- _Assignment_
Every record here should be printed again exactly.

- _Task material_
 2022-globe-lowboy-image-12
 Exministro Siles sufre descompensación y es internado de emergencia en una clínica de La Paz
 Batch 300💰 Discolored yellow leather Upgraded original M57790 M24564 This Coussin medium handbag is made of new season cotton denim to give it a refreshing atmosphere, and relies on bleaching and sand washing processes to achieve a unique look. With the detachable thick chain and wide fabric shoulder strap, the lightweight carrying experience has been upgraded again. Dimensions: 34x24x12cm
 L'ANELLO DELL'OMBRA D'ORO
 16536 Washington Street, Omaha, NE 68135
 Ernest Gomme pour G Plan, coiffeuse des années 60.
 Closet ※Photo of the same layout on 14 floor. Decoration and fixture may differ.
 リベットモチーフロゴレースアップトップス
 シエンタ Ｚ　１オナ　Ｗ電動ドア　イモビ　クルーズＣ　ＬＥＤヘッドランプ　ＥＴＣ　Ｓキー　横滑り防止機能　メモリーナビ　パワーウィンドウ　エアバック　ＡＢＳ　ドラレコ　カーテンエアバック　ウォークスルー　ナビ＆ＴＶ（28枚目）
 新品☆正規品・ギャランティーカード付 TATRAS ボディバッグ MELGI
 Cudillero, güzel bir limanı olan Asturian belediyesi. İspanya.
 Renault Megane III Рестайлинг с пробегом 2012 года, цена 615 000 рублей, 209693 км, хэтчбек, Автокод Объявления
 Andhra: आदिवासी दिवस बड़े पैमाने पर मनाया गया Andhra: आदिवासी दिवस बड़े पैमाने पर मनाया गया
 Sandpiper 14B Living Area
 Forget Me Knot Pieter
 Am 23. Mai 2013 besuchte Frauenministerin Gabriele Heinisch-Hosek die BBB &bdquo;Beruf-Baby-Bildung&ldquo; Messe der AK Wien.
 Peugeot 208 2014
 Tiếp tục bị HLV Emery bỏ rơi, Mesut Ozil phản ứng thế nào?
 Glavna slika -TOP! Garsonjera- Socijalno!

- _Solved exercise_
 2022-globe-lowboy-image-12
 Exministro Siles sufre descompensación y es internado de emergencia en una clínica de La Paz
 Batch 300💰 Discolored yellow leather Upgraded original M57790 M24564 This Coussin medium handbag is made of new season cotton denim to give it a refreshing atmosphere, and relies on bleaching and sand washing processes to achieve a unique look. With the detachable thick chain and wide fabric shoulder strap, the lightweight carrying experience has been upgraded again. Dimensions: 34x24x12cm
 L'ANELLO DELL'OMBRA D'ORO
 16536 Washington Street, Omaha, NE 68135
 Ernest Gomme pour G Plan, coiffeuse des années 60.
 Closet ※Photo of the same layout on 14 floor. Decoration and fixture may differ.
 リベットモチーフロゴレースアップトップス
 シエンタ Ｚ　１オナ　Ｗ電動ドア　イモビ　クルーズＣ　ＬＥＤヘッドランプ　ＥＴＣ　Ｓキー　横滑り防止機能　メモリーナビ　パワーウィンドウ　エアバック　ＡＢＳ　ドラレコ　カーテンエアバック　ウォークスルー　ナビ＆ＴＶ（28枚目）
 新品☆正規品・ギャランティーカード付 TATRAS ボディバッグ MELGI
 Cudillero, güzel bir limanı olan Asturian belediyesi. İspanya.
 Renault Megane III Рестайлинг с пробегом 2012 года, цена 615 000 рублей, 209693 км, хэтчбек, Автокод Объявления
 Andhra: आदिवासी दिवस बड़े पैमाने पर मनाया गया Andhra: आदिवासी दिवस बड़े पैमाने पर मनाया गया
 Sandpiper 14B Living Area
 Forget Me Knot Pieter
 Am 23. Mai 2013 besuchte Frauenministerin Gabriele Heinisch-Hosek die BBB &bdquo;Beruf-Baby-Bildung&ldquo; Messe der AK Wien.
 Peugeot 208 2014
 Tiếp tục bị HLV Emery bỏ rơi, Mesut Ozil phản ứng thế nào?
 Glavna slika -TOP! Garsonjera- Socijalno!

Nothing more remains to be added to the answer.